I seem to have the most success when I only $2003-jump to addresses on a $08 boundary (the Y coordinate of even-numbered sprites). $04 boundaries may be safe outside of sprites 0 and 1. Heck, arbitrary addresses may be safe and I'm just being paranoid. If you're developing on a system that you can't just quickly build and test against your target platform, you're going to have bigger problems than sprite indexing.

Also, goes without saying, keep your vblank timing in mind. DMA is fast, but only as fast as the CPU's load/store instructions sans the retrieve-next-opcode subcycles. If you're DMAing and then manually editing more than a few sprites, you may run out of vblank. Empirically, ~256 bytes is about what I've found I can change on a given frame without issues.

by on (#93180)
FCEU is definitely not accurate when it comes to sprites. In all versions I tried, not only $2003/$2004 had problems, but the whole sprite evaluation process appears to be broken. It seems that sprite emulation is pretty high-level in FCEU, and very different from the actual hardware.

by on (#93185)
LoneKiltedNinja wrote:
keep your vblank timing in mind. DMA is fast, but only as fast as the CPU's load/store instructions sans the retrieve-next-opcode subcycles.

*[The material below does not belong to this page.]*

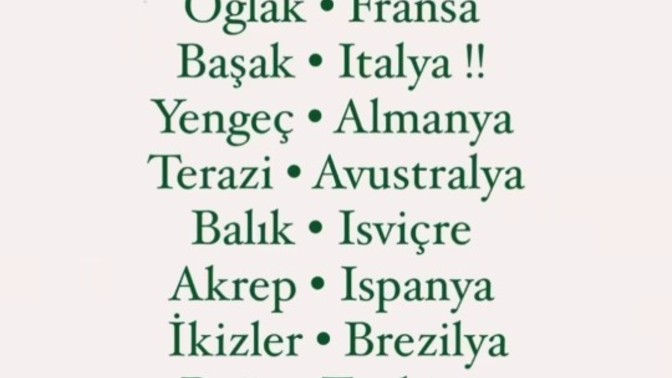 Burçların mutlaka görmesi gereken ülkeler belli oldu, senin ülken hangisi?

Yeah, and if DMA supported $2007 as well as $2004, we would have had the equivalent of Blast Processing. This means we wouldn't have needed to use retrieve-next-opcode subcycles when copying patterns to CHR RAM or rows and columns of tiles to the nametables, and there might not have been as much of a need for the sort of fine-grained CHR bankswitching seen in MMC3-class mappers. Nintendo realized this and made the Super NES's DMA more generic.

by on (#93186)
If they had supported $2007 with DMA though they would have needed to add even more registers and logic to define size of transfer and source, etc. And they were determined to keep costs down.

by on (#93188)
MottZilla wrote:
If they had supported $2007 with DMA though they would have needed to add even more registers and logic to define size of transfer and source, etc. And they were determined to keep costs down.

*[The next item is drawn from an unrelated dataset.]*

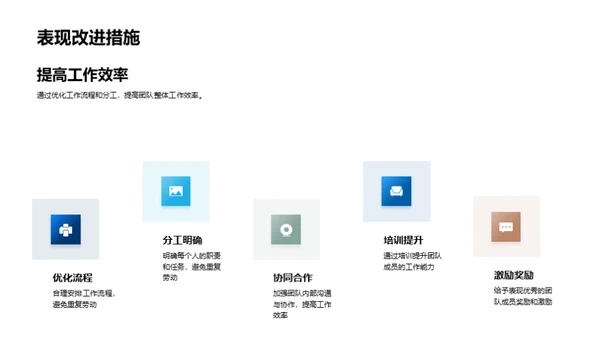 团队运营月度总结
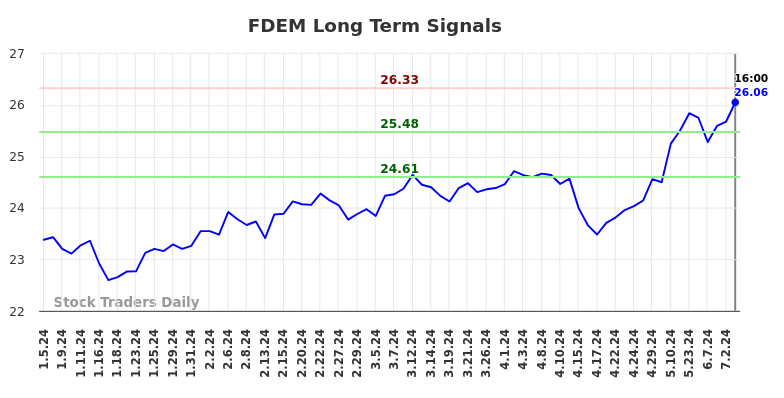 FDEM Long Term Analysis for July 6 2024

Yeah, but then when you had to add so many mappers to swap out graphics better, it probably really hurt in the end.

by on (#93193)
tepples wrote:
Yeah, and if DMA supported $2007 as well as $2004, we would have had the equivalent of Blast Processing.

Would it be possible to implement such a DMA in a mapper? I guess that the mapper can't halt the CPU, so is there a way to work around that?

by on (#93194)
It is possible to DMA from PRG-ROM or RAM to CHR-RAM or VRAM (must be external VRAM) through a mapper. Depending on how it's constructed you don't even need to halt the CPU. It's not a cheap feature to add though since either a ton of I/O are required to multiplex two memories, or a FPGA with sufficient block RAM is required.

by on (#93195)
That's basically what happens in the MMC5's EXRAM--- there is no such thing as DMA - but the RAM is shared between both buses.

by on (#93220)
kyuusaku wrote:
It is possible to DMA from PRG-ROM or RAM to CHR-RAM or VRAM (must be external VRAM) through a mapper. Depending on how it's constructed you don't even need to halt the CPU. It's not a cheap feature to add though since either a ton of I/O are required to multiplex two memories, or a FPGA with sufficient block RAM is required.


At that point maybe you should just throw a fast CPU, maybe a 6502 core if not something more modern, in the cartridge with some shared memory to do all your heavy processing and just use the stock cpu for what it must do like input reading and uploading PPU updates and setting up the PPU registers each frame.

But at that point maybe you should be developing for a different system.